CSFF Blog Tour: The Hound of Heaven

Among Starflower‘s fine points is its spiritual themes. I found them interesting, and ultimately moving, and in the various devices of Christian fantasy, they were fresh. Fresh, but familiar. I had read something similar in a poem once.

In her Author’s Note, Anne Elisabeth Stengl wrote, “Many of themes found in Starflower were inspired by a beautiful poem written by Francis Thompson. The poem is called ‘The Hound of Heaven’.” Principal among those themes is the imagery of God as the Hound, and us as the quarry, fleeing His love. The conversation between Eanrin and the Hound contains lines adapted from the poem – and, one might add, lines adapted from Paul’s words and from John’s.

Here, then, is a link to the poem, with a lovely and elegant layout; beneath the poem is a brief commentary G. K. Chesterton once gave on it, and a biography of the poet. And here you may hear Richard Burton read The Hound of Heaven.

This poem is not easy reading; I think that anyone besides a Cambridge professor of literature who wants to understand all the words will have to use a Dictionary.
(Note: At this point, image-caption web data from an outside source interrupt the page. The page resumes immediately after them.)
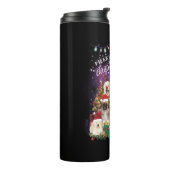 honden Merry kermas Light Thermosbeker (Gedraaid links)
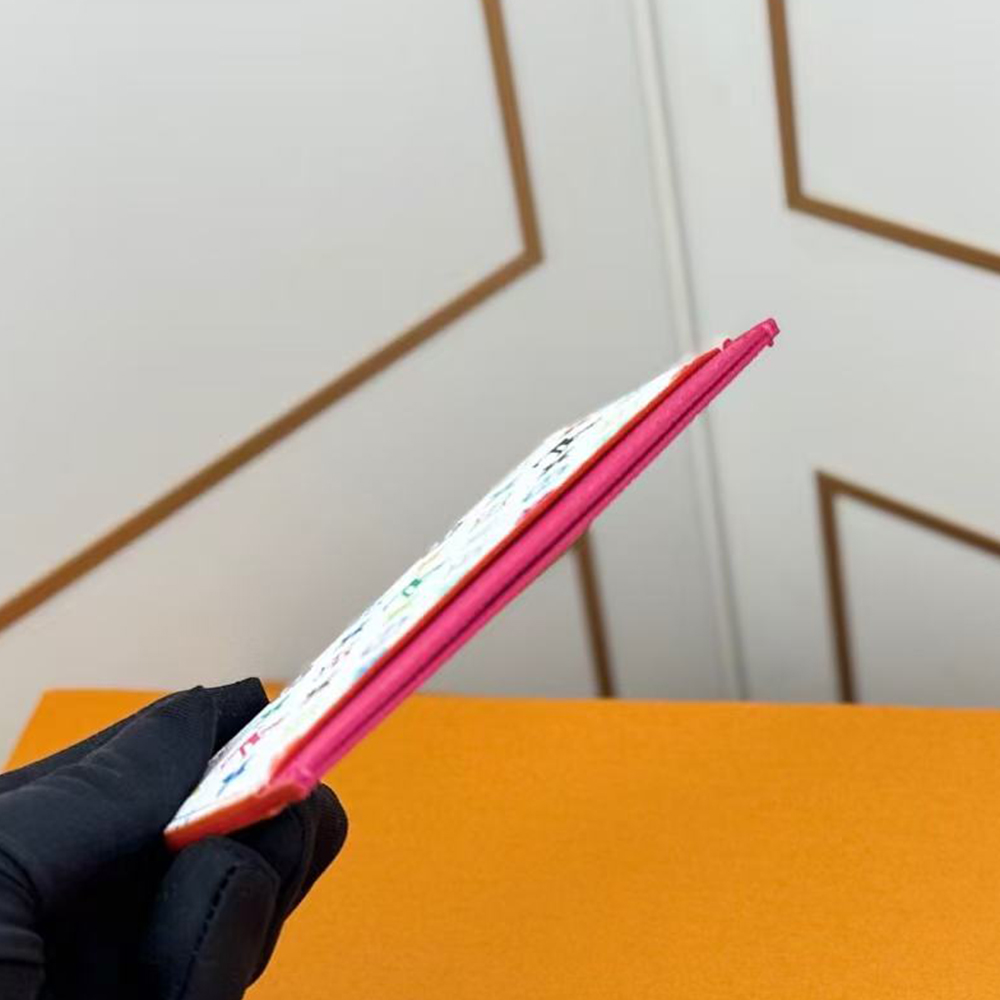 Louis Vuitton x Murakami Card Holder  (Replica)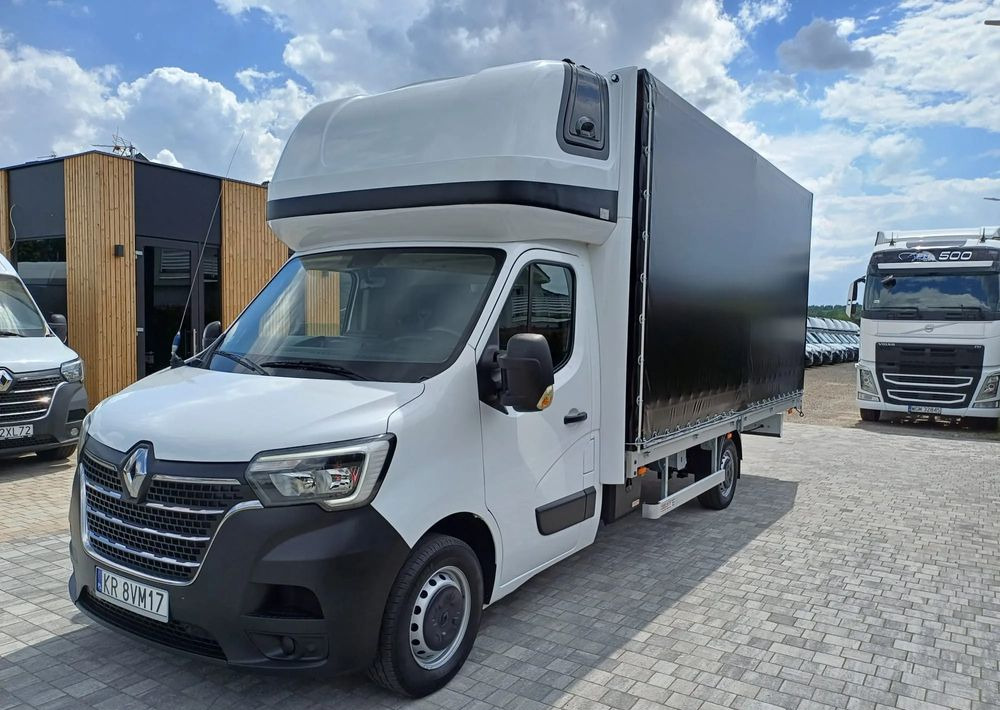 Renault MASTER 4 170KM 10PALET XL - Utilitaire plateau: photos 1 Renault MASTER 4 170KM 10PALET XL - Utilitaire plateau: photos 1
The narrator is not afraid to say things like, “Banqueting / With [our Lady-Mother] in her wind-walled palace, / Underneath her azured dais, / Quaffing, as your taintless way is, / From a chalice / Lucent-weeping out of the dayspring.”

Yet there is, first to last, something arresting about the poem. The style and the imagery are astounding – some might say confounding, but never merely dull. More even than that, the poem’s power is the story it tells of Man and of God, of the flight and the chase, the love and the fear. Hard as The Hound of Heaven is, it is worth the effort.

3 thoughts on “CSFF Blog Tour: The Hound of Heaven

  1. My one regret in reading Starflower is that I read the author’s note (for those who don’t know, this is located in the back) before I read the story. Hence, I knew the direction of the story because of the poem. I wonder if I wouldn’t have felt more of the cat’s fear of the hound otherwise.

    And yet, as an after note, it’s perfect. What a great way to have readers mulling over the story they just finished.

    It’s a beautiful image and well-played in the novel.

    Interesting that Janeen also chose to write on this aspect (primarily) in her day 3 post, too.

    Becky

  2. I wondered a little about the Hound, but never much. Honestly, he made a better first impression on me than the cat.

    What caused me most to wonder about the Hound’s nature was the fact that he appeared at just the right moment to scare Eanrin into bringing the Dragonwitch into the Faerie kingdom. It’s a very interesting theological moment in the book. The Hound knew – he knew – what would happen when he showed himself to Eanrin then. He still did it – maybe because he also knew what would happen afterward.